Problem to work on » Below are the records; repeat exactly their lines between the line holding "Elabch Up to" and the line holding "Yellow Pink Braided", inclusive, skipping the pictures.

Data provided »
_ _ _ _ _ _ _

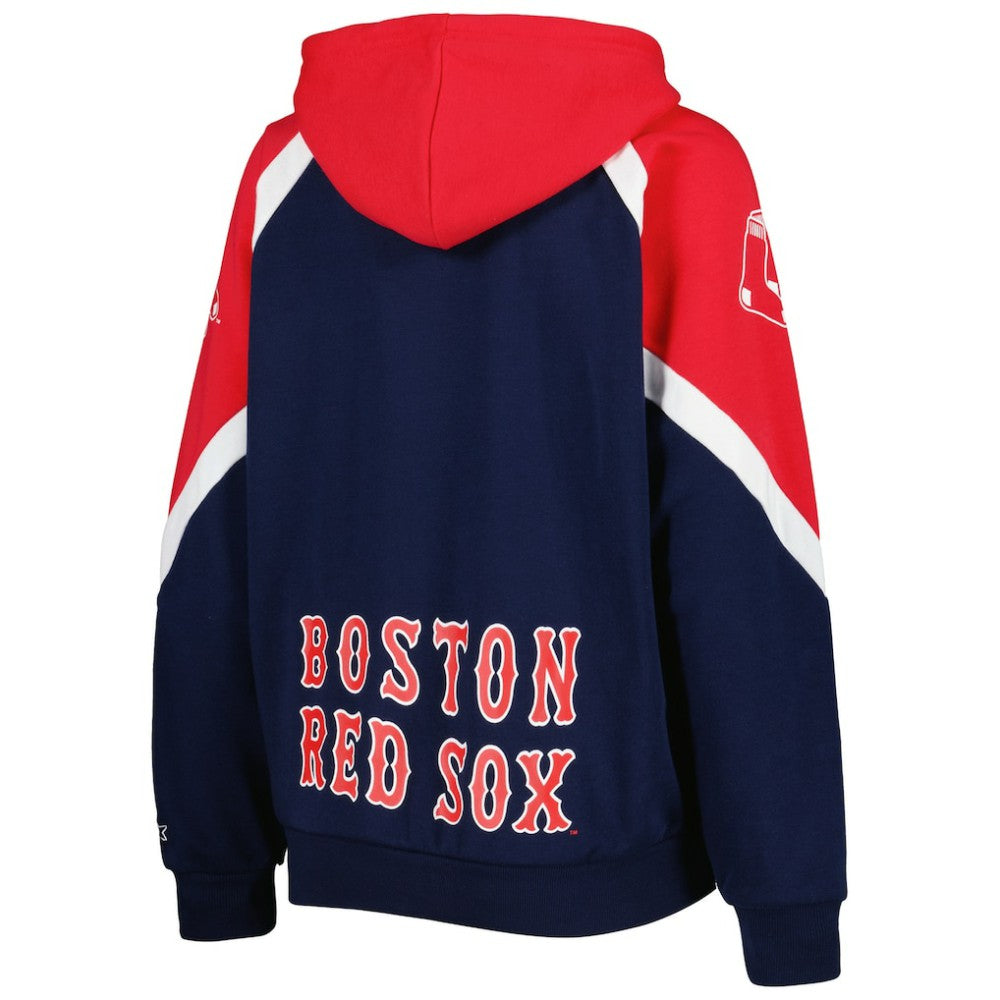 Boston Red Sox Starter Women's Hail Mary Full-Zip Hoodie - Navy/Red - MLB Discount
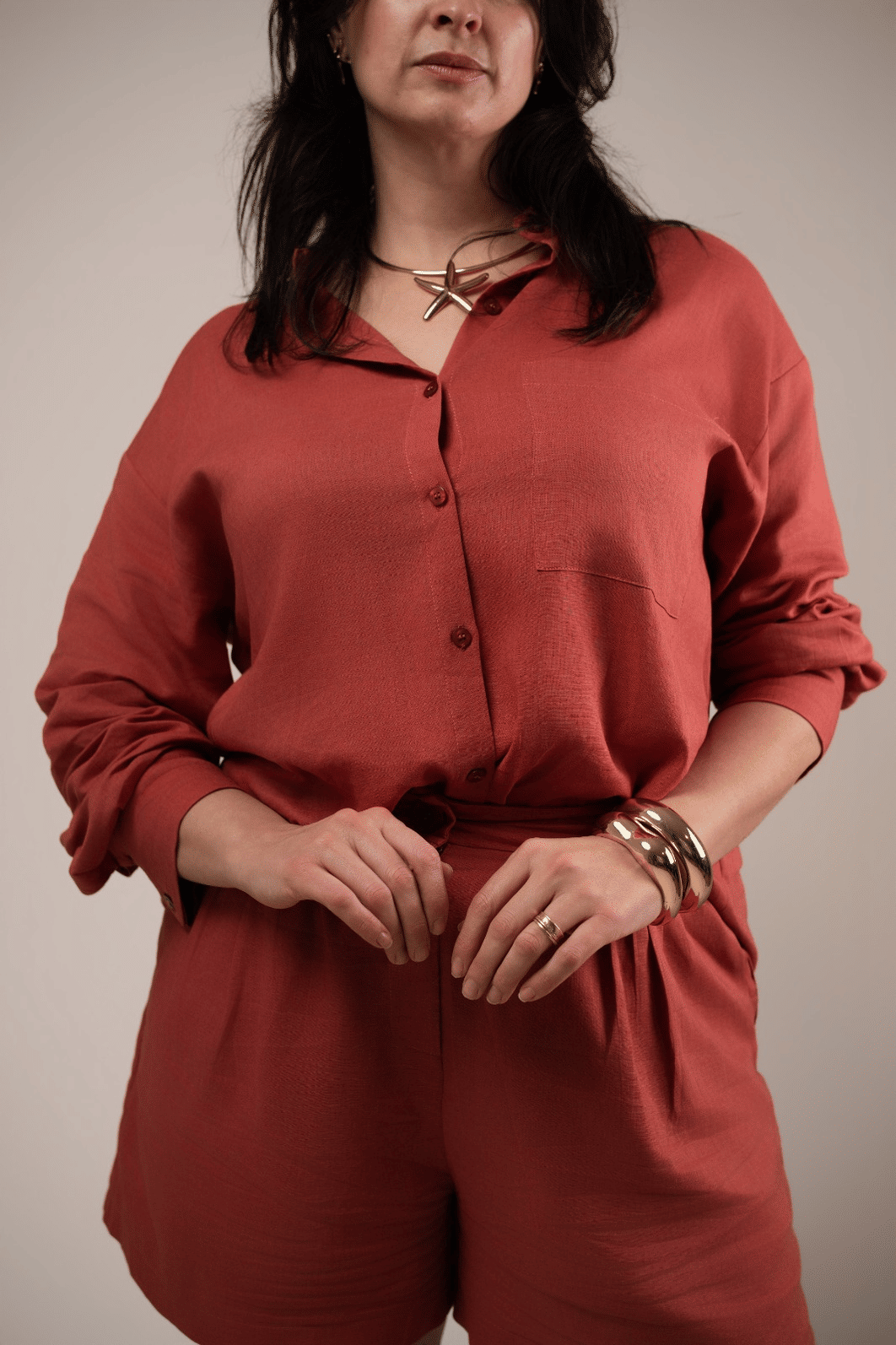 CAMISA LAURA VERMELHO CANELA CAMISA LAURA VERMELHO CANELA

_ _ _ _ _ _ _

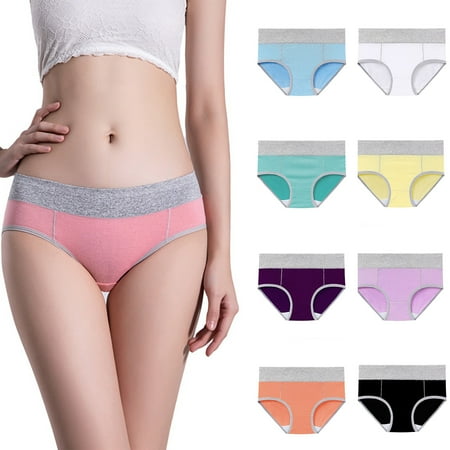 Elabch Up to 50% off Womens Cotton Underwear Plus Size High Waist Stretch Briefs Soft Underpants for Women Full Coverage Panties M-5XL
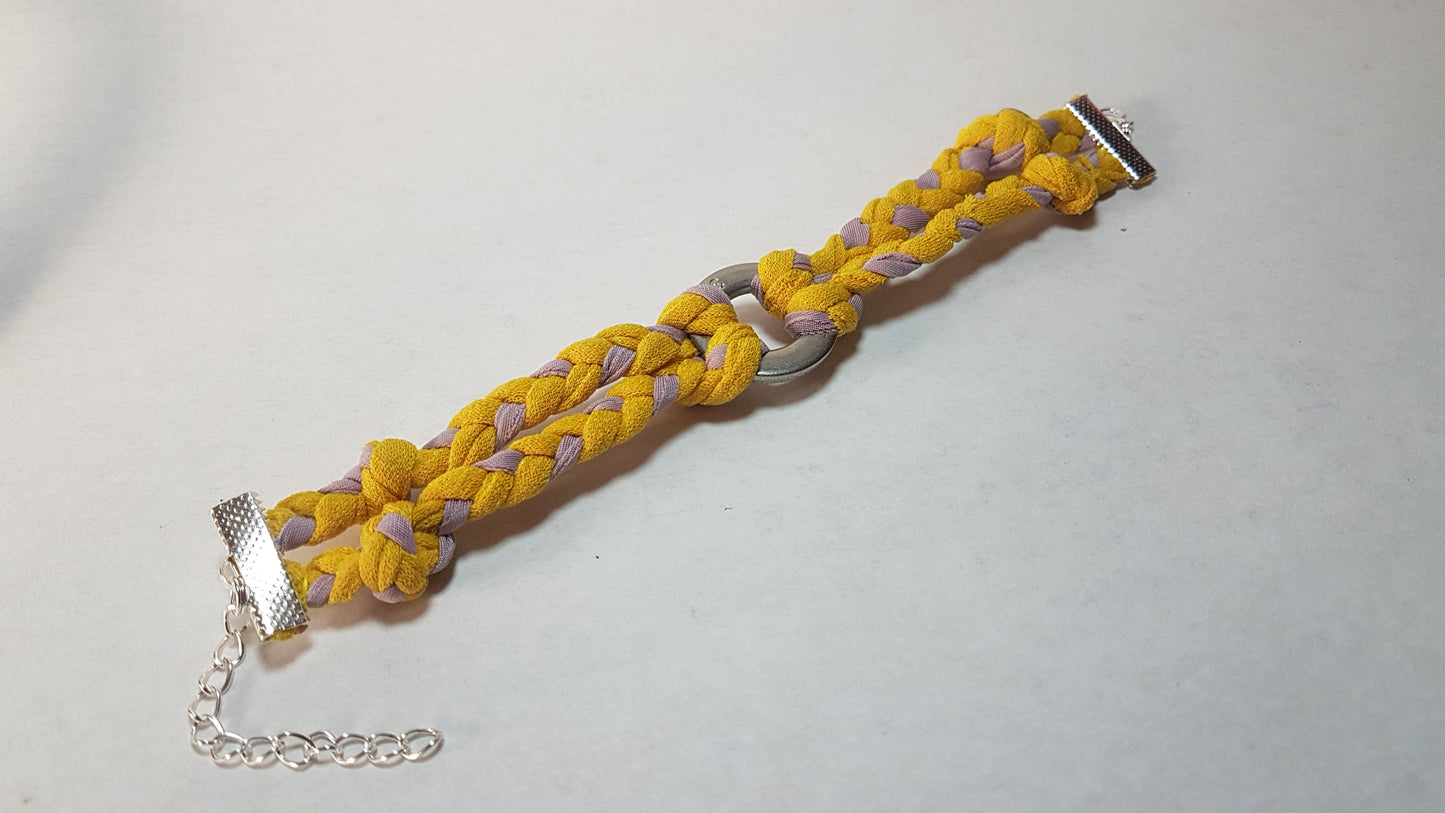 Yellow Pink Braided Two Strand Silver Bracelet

_ _ _ _ _ _ _

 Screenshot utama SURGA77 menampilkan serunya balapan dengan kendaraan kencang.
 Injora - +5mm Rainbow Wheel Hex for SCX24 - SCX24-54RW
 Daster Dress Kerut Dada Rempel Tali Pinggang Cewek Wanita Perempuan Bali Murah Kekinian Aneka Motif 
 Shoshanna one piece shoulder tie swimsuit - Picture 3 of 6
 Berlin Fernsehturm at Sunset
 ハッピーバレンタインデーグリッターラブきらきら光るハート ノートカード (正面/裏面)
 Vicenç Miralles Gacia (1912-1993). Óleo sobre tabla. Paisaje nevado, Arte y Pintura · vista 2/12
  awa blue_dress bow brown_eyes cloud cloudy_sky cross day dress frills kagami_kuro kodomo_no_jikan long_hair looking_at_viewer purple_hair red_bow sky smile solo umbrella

_ _ _ _ _ _ _

Task solution »
 Elabch Up to 50% off Womens Cotton Underwear Plus Size High Waist Stretch Briefs Soft Underpants for Women Full Coverage Panties M-5XL
 Yellow Pink Braided Two Strand Silver Bracelet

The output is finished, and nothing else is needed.